(THE INPUT Opens)

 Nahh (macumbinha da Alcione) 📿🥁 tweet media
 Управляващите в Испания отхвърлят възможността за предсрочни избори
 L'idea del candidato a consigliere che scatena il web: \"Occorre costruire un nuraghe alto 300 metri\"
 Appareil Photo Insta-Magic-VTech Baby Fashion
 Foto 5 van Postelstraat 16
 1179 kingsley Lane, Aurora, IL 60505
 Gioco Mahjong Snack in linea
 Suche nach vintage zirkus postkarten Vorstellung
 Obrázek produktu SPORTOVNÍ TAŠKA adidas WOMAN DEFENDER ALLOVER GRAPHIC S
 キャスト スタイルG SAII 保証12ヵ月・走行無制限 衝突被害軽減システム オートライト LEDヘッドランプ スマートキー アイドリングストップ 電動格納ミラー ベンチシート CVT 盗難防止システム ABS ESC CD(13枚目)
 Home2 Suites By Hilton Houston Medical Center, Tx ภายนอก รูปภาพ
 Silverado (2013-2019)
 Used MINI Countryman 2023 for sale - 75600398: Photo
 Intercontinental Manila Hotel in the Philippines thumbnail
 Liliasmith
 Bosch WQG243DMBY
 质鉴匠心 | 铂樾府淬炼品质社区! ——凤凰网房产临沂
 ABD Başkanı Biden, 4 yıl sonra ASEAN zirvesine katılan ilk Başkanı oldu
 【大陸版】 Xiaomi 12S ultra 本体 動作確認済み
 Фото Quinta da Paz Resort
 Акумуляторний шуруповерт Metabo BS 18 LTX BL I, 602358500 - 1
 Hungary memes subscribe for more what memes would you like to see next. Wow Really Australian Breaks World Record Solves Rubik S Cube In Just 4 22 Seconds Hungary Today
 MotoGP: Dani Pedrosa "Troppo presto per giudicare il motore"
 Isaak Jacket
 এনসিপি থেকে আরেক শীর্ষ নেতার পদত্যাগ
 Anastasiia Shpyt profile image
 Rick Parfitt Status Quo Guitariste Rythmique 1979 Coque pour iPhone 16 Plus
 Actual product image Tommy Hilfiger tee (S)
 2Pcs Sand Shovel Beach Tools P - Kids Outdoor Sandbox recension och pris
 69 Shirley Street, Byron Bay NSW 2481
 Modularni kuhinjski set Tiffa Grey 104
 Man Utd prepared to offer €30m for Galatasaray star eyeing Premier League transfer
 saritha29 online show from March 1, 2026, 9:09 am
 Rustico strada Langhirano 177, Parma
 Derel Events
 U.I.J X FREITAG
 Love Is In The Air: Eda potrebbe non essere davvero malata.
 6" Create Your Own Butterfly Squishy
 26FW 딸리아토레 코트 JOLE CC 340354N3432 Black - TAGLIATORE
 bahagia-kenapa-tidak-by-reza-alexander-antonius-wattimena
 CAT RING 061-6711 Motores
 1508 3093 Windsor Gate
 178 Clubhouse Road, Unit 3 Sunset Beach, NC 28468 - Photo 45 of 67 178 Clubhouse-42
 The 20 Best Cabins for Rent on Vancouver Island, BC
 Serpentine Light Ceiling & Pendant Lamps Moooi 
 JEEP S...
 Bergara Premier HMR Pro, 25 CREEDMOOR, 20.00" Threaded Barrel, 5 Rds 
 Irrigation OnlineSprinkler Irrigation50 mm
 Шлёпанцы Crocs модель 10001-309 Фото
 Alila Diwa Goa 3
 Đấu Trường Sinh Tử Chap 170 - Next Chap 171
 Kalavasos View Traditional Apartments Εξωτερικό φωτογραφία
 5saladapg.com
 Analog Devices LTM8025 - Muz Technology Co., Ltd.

(THE INPUT Closes)

TASK ITEM:
Whenever a line of the material above contains the string "Фото", copy that line out.

YOUR RESPONSE:
 Фото Quinta da Paz Resort
 Шлёпанцы Crocs модель 10001-309 Фото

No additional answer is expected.